The Salford Harriers, though beaten, were certainly not disgraced, as they ran the winners closer than any other club has ever done. The absence of R. P. Sykes (whose I knee has gone worse since the Northern race) was sorely felt by the Salfordites. They, however, have the consolation of knowing that they were able to put the best man in the field. In the person of E. W. Parry, the Salford club has got the finest amateur distance runner of the present day, and too much praise cannot be bestowed upon him for his victory on Saturday. He has certainly reached the height of his ambition, and achieved what he said to the writer some time ago he would do namely, won the double event. Farrell again showed himself second best for his team, and I proved once more that he is a runner of more than ordinary merit. That old stager, G. H. Bannister, hardly ran so well as he did a fortnight ago, but he occupied third place in his team, whilst G. H. Morris got a little nearer the front. Cliffe ran up to his form, but the same cannot be said of the captain (T. Wainwright), who is evidently "off colour." The team that was expected to take the wooden spoon showed themselves to be made of much better stuff than they had been credited with. The Worcester Harriers ran a splendidly combined lot, and in C. Souch they possess an athlete of the first water. It was no mean performance to finish second in the actual race. His brother, W. Souch, together with Jeff and Greaves, are also deserving of every praise for the manner in which they kept together. If this club can only get the "tail end" of their team stronger next year they will take a lot of beating. To have four men finish in the first eleven is something to be proud of for an organisation like the Worcester Harriers.
The South London Harriers are to be commended for the consistent manner in which they each year support the " National," and they certainly deserve a better fate than to be placed third or fourth, as they invariably are. Sanders again upheld his reputation as the best of the team, and H. A. Heath also ran well; in fact, the latter was fancied to beat his club-mate.
The Burton Harriers have one good man at any rate in A. Houlding, who finished third, and whatever may be said as to the respective abilities of Houlding and Hickman, the Burton representative certainly had the advantage on Saturday. The other members of the team are a long way removed from their captain's form, but it speaks well for the club that they should journey so far to give their best man a chance of gaining the premier laurels.

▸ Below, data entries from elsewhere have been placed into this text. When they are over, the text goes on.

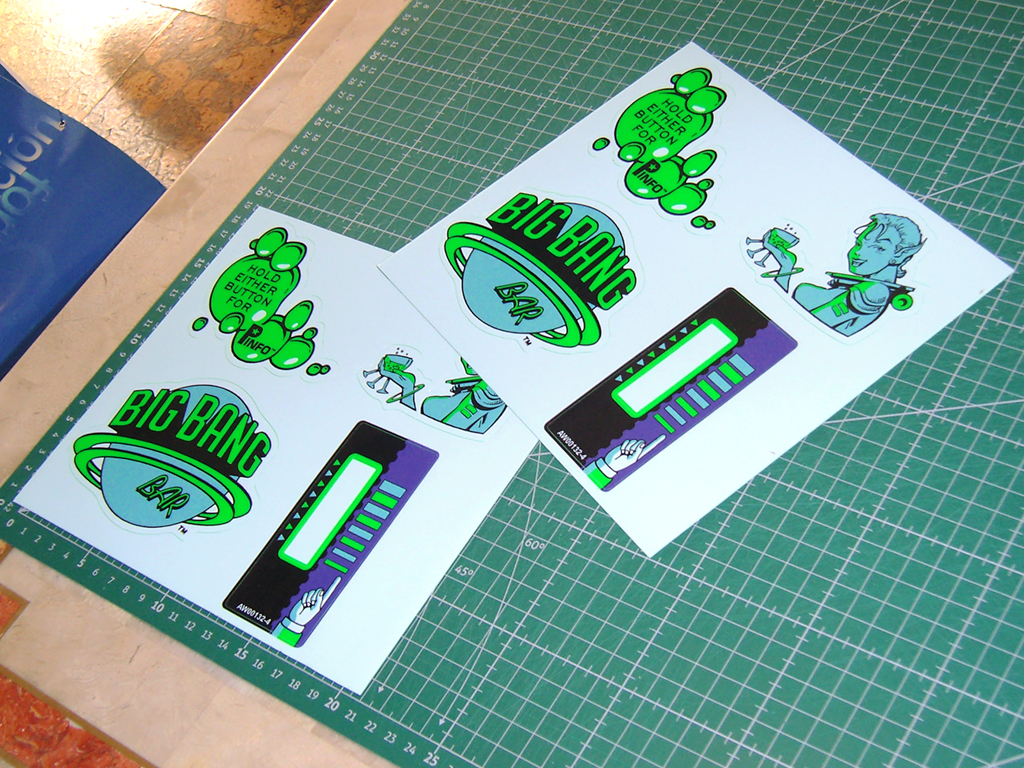 Big-Bang-Pinball-Aprons-Stickers-courantbenoit-print2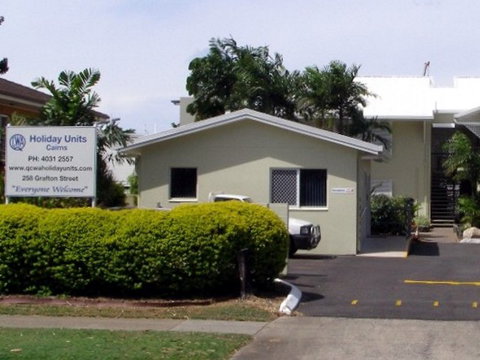 QCWA Holiday Units - Coogee Beach Accommodation 0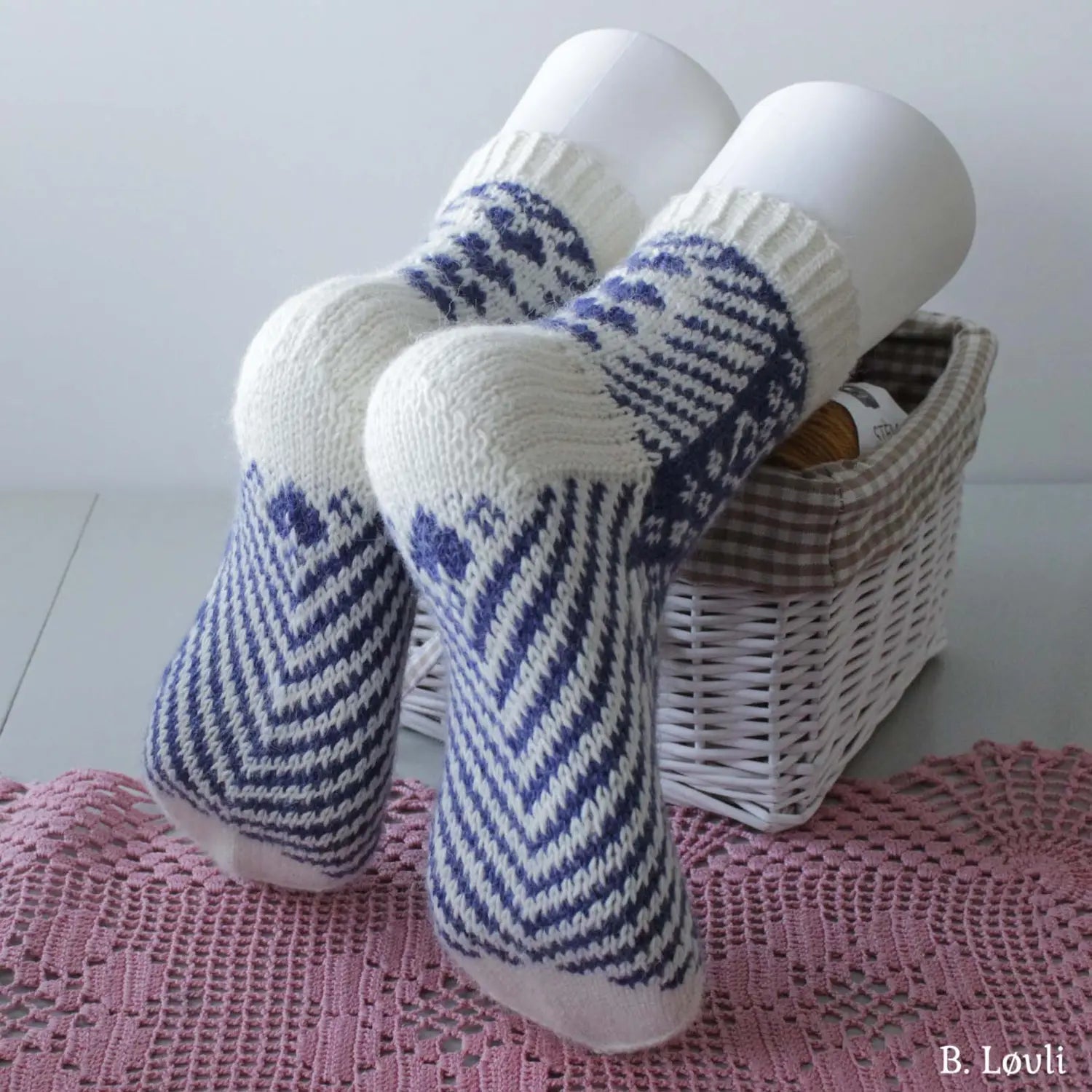 HjerteFlom sokker vist på modell sett fra hæsiden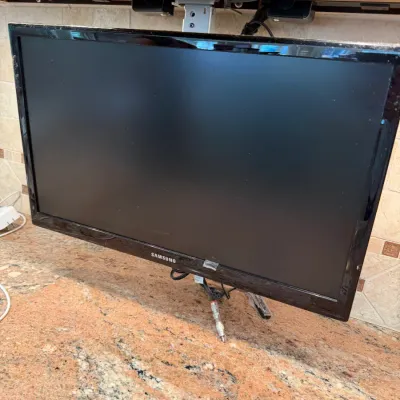 Sale Photo Thumbnail #205: Samsung under-cabinet mounted television with a black frame, positioned above a granite countertop.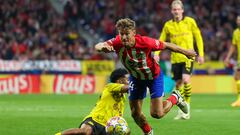 MADRID, 10/04/2024.- El centrocampista del Atlético de Madrid Marcos Llorente (d) se escapa con el balón durante el partido de ida de los cuartos de final de la Liga de Campeones que Atlético de Madrid y Borussia Dortmund disputan este miércoles en el estadio Metropolitano. EFE/Kiko Huesca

After all the talk about the Scotch champion, J. Campbell, one naturally expected to see the Clydesdale man finish nearer than 47th. R. Graham was a long way the best of the Scotchmen, but there was not much to choose between the remainder. Possibly the long railway Journey had something to do with the bad form shown, but in any case, the club deserve every credit for bringing down the team.
It was a great blow to the Coventry Godiva Harriers when their champion, J. E. Hickman, threw up the sponge, though, had he continued, the result would not have been altered. They would still have been at the bottom of the list, a position somewhat different to that occupied by them the last two years, when they acted as runners-up." C. Smith, Lewin, and Mills ran very badly; in fact, of the three, only the latter went the whole course.
The Cheshire Tally-ho ran the smallest team, eight only turning out, and of those two only finished, Samuels again showing to great advantage, whilst the veteran Vickers came in at the tail end.